Liverpool and Manchester United

Up until now Chelsea and Westminster Assisted Conception Unit has been the only UK fertility centre to openly offer HIV couples sperm-washing. Now the fertility clinic at Liverpool Royal Women’s Hospital has opened up a separate unit, and will be offering sperm washing for couples, positive men - negative. (France in comparison has eight clinics across the country and state funded separate laboratory facilities). Hand-in-hand with this move are commissioning guidelines, the first of their kind in the UK they say, from the Association of Greater Manchester Primary Care Trusts. The guidelines look at clinical eligibility, age barriers and number of cycles, which will be six IUI cycles, a decision based, say Manchester, as an infection control issue.

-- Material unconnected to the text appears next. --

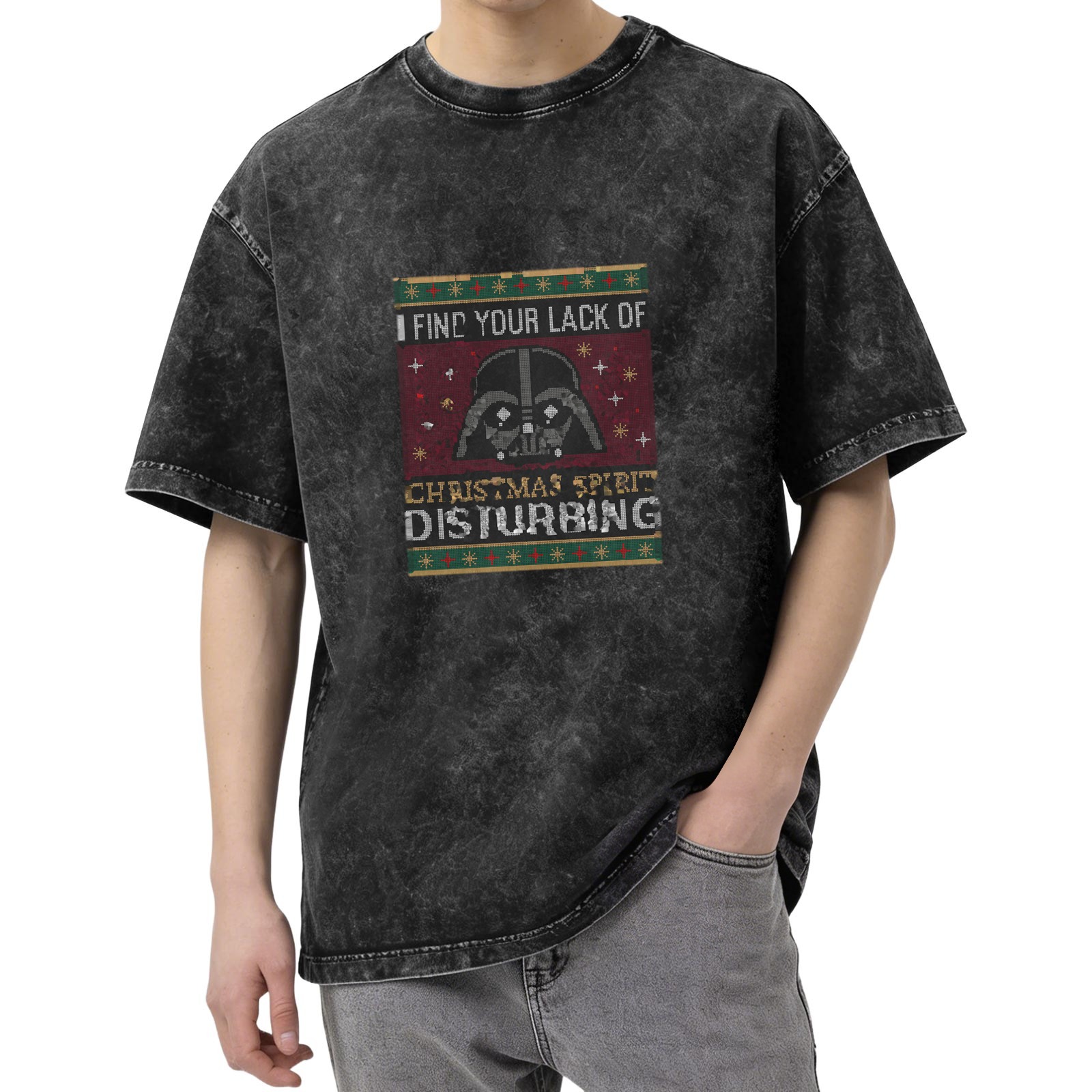 Darth Vader Christmas Spirit Disturbing Acid Wash T-Shirt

‘No person or embryo is known to have acquired HIV at a fertility clinic from a HIV sample.’

The Manchester consortium say they are seeing increased demand for reproductive care for HIV positive couples and are minimizing onward transmission of HIV which they point out would save between £0.5 and £1 million for each infection avoided over a lifetime.

The guidelines say that same sex couples are not excluded from access to the programme and would be considered on a case-by-case basis, for example a male-male partnership with a surrogate would be considered although the NHS will not be involved in or responsible for surrogacy arrangements.

George House Trust in Manchester has welcomed the new arrangements, Lynda Shentall told BASELINE : ‘From a cost point of view it’s a great move as it means that patients don’t have to travel to London for treatment. We now have a better process for making decisions more quickly so that eligible patients get access to treatment more quickly.’

The decision to use a fertility clinic for a sero-different couple in the UK can be a world of whispers and rumours. Many clinics do not say they offer treatment to men or women living with HIV, unless approached directly. How many cycles a couple is eligible for from the NHS is a postcode lottery.

In 2001 the BMJ suggested that UK IVF clinics discriminated against HIV positive men and women. 63% of responding clinics said they would refuse treatment. Also in 2001 Ade Apoola then at Whittall Street clinic in Birmingham said IVF clinic discrimination was rife and funding was a lottery.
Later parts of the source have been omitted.